Гурко подтверждает, что штаба у Николая Николаевича как бы не существует и все предоставлено на произвол судьбы. Апатия Непокойчицкого все убивает, а Левицкий путает самонадеянно. Даже Милютин, который сам превозносил Непокойчицкого и предлагал его государю, даже и главнокомандующий вчера сказал мне, что надо бы высечь весь штаб Действующей армии, начиная с Непокойчицкого. Поздновато сознание!
Гурко, вышедший со славою из ряда боев с турками и, следовательно, имеющий несомненный авторитет, выводит общее заключение, что кавалерия утомилась до крайности (спины лошадей слабы), что обозы наши решительно никуда не годятся, равно как и четырехколесные зарядные ящики, и что вообще мы не доросли до европейской войны, в которой нас несомненно расколотили бы, несмотря на превосходные индивидуальные качества нашего солдата.
Двухчасовой разговор мой с Гурко оставил во мне впечатление, что он сообразительный и далеко не глупый человек, нервен до крайности, но обладает железной волей, которая делает из него прирожденного начальника.

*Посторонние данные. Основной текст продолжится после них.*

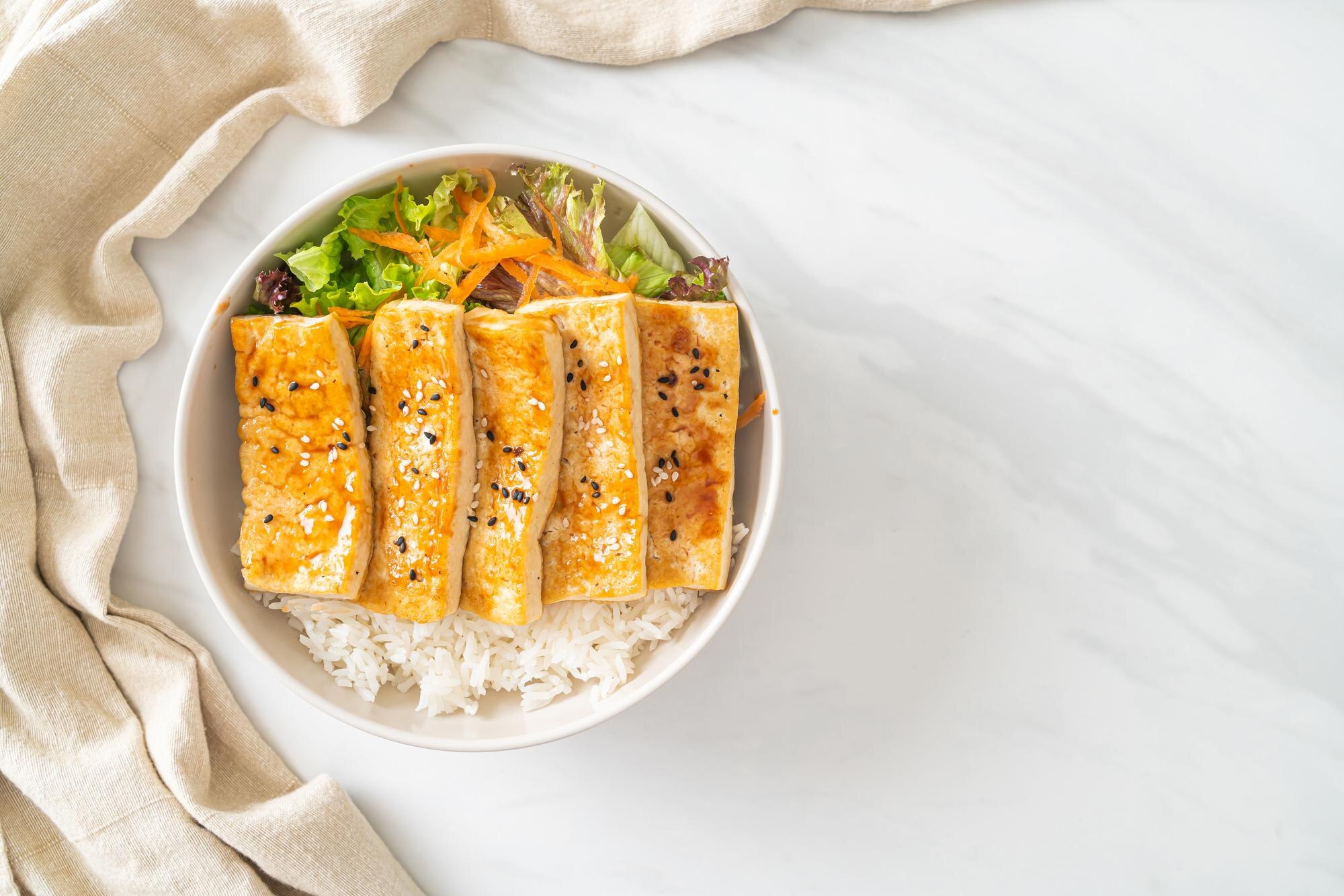 A bowl of rice with firm tofu and vegetables β an example of a simple low-FODMAP Phase 1 meal with plain rice, protein, and well-tolerated ingredients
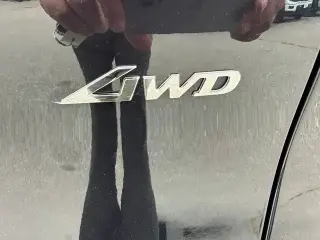 Genesis GV70 2024 AWD 2.5T Standard 4p SUV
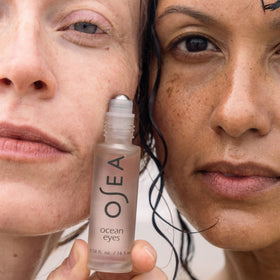 OSEA ingredient label closeup listing seaweed, hyaluronic acid, peptide benefits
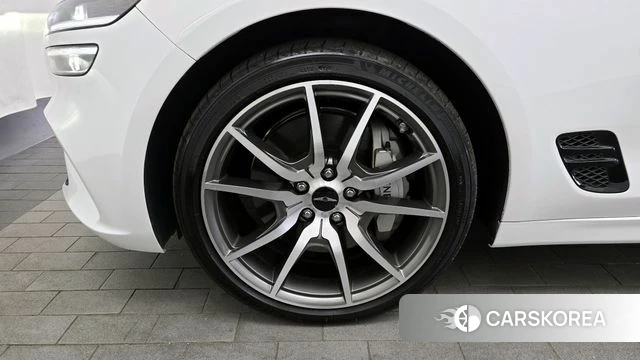 Genesis The New G70 id 3841772 из Кореи 15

Несмотря на фанфаронство, бесстыдную самоуверенность и умение внушать государю и, в особенности, наследнику убеждение, Бог знает на чем основанное, в своем превосходстве над другими, влияние на окружающих и мнимых военных дарованиях, Воронцов на этот раз ошибся в расчете. Государь, кажется, уразумел, что для своего тщеславия он затеял ненужное дело под Раз-градом (хороша рекогносцировка впотьмах, дело окончилось в 10 час. вечера), расшевеливши напрасно турок и нанесши нам напрасную потерю в 169 чел. (из них 5 офицеров). Раненые эти, привезенные в здешний госпиталь, находятся под глазами государя, их самого расспрашивавшего о подробностях, и многие из них уже умерли. Кажется, поняли, что это - несчастные жертвы фанфарона, добивавшегося Георгиевского креста на шею из зависти к Скобелеву. Государь с тех пор выражал неоднократно свое неудовольствие на разградское дело. Чуя это, Воронцов продрал в Петербург, не заехав в Белу, прямо чрез паром, устроенный на левом фланге Владимира Александровича. Каков начальник гвардейского штаба и генерал-адъютант, уехал из армии почти скрытно, так что государь узнал о его отъезде уже на другой день от наследника, постаравшегося сгладить неблагоприятное для своего любимца впечатление. В прежнее время подобный отъезд немыслим, но такие господа, как Шувалов, Воронцов и пр., все себе позволяют. Говорят, впрочем, и наследник недоволен Воронцовым и что обаяние несколько пошатнулось. Не верится, чтобы надолго!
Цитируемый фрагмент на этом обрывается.